BMW was already producing electrified models at 10 locations worldwide and next year would also begin producing the all-electric Mini at its Oxford plant in the UK, while its new plant in Mexico would also start production, Krüger said last week at the release of the group’s global financial results in Munich, Germany.
“Mexico has one of the most open trade policies in the world and has benefited from this. Our new plant will produce for the global market,” he said.
Krüger said he had set clear goals for BMW for sustainability mobility.
There were more than 140000 electrified vehicles sold this year; a total of 500000 electric vehicles and plug-in hybrids will be on the roads by the end of next year; and 25 electrified models, 12 of them pure electric, by 2025.
Krüger said the BMW group would lead the technological change and would this year be setting new strategic directions for this. He said BMW would, over the course of this year, present a number of pure electric concept vehicles that would go into series production.
These included the first all-electric BMW, the iX3; their new technology flagship BMW iNext; the BMW i Vision Dynamics, which Krüger had recently announced in Geneva as the BMW i4.
Krüger said they would produce both the iNext and BMW i4 in Germany, adding that these models were proof of BMW’s innovative strength.
He said BMW last year alone invested almost 1billion (R14.5bn) more than in 2016 and spent about 1bn more on research and development.
Krüger said the new BMW i8 Roadster and BMW i8 Coupe would be available from May this year and would boost the electric range of these plug-in hybrids by more than 40percent.
“With the fifth generation of eDrive, our vehicles will be able to drive 550km to 700km on electric power, depending on the model. We will achieve this in the BMW i4 and the iNext,” he said.

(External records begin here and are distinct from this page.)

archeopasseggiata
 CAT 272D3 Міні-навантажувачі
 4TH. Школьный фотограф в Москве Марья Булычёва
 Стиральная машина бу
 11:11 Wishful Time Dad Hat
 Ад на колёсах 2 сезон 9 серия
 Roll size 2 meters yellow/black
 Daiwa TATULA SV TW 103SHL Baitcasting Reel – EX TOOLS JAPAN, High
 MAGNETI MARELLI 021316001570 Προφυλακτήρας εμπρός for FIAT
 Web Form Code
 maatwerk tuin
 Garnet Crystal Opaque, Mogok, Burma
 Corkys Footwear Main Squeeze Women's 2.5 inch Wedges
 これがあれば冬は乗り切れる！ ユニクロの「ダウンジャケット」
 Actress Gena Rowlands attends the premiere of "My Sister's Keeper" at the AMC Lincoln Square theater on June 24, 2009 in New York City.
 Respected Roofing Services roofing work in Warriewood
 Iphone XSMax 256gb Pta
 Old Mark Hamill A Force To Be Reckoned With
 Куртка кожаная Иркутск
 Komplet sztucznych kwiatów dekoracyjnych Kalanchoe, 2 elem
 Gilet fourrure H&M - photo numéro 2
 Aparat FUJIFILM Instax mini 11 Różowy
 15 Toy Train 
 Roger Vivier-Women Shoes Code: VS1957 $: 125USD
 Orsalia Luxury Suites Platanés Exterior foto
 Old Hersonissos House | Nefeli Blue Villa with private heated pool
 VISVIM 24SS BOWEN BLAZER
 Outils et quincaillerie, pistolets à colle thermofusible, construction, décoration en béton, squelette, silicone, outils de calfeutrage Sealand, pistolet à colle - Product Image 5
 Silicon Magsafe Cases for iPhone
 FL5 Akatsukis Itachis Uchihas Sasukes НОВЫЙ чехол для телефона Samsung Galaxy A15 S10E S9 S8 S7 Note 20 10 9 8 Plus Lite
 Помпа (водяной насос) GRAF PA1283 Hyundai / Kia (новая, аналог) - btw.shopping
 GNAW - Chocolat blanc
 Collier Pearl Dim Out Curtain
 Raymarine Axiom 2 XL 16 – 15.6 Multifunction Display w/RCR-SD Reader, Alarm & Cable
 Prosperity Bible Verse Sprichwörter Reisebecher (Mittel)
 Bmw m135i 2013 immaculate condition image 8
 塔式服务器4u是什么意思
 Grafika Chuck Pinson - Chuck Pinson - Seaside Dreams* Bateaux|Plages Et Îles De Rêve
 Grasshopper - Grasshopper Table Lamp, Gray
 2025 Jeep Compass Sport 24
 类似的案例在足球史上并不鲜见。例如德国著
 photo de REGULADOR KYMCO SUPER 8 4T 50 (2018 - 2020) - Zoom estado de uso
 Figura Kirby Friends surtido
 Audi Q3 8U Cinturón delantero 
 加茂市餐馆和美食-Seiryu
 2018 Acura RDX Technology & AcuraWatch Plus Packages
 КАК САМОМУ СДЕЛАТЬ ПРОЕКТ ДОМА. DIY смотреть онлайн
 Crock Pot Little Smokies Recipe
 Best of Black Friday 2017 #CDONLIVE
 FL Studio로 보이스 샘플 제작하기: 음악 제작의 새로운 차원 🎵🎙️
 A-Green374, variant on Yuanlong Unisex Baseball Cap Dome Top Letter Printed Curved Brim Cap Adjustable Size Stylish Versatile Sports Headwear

Oliver Zipse, the management board member at BMW responsible for production and chairperson of BMW South Africa, said BMW had just invested R6.2bn in South Africa, which was the group’s single biggest investment in South Africa in 50 years, but there were no specific plans for its Rosslyn plant in Pretoria to produce electric vehicles, although it could.
Much of this investment by BMW was related to the production of the new BMW X3, which would commence next month.
Zipse added that BMW had stated that by 2025 between 15percent and 25percent of its models would be electric vehicles.
Combustion engines
But Zipse stressed that if you turned that statement around, it meant more than 75percent of BMW’s cars would not be electric and a high proportion of them would be combustion engine cars.
Zipse said unlike markets like Germany, the UK, the US and China, there were markets that had not even started thinking about electric cars.
“At least for the foreseeable future until 2025, the majority of cars will have a combustion engine, despite the future being electric. That doesn’t mean the combustion engine will be replaced in the next seven or eight years.
“I cannot tell you what is going to happen in 2040 and 2050, but we will be ready to follow the markets in whatever way they go,” he said.
Zipse confirmed that BMW has had discussions with the South African government about an electric vehicle roadmap in the country and had tried to push the government on this issue.
Krüger said BMW Group had achieved all of its targets in its 2017 financial and delivered more than 2.4 million vehicles, a new all-time high.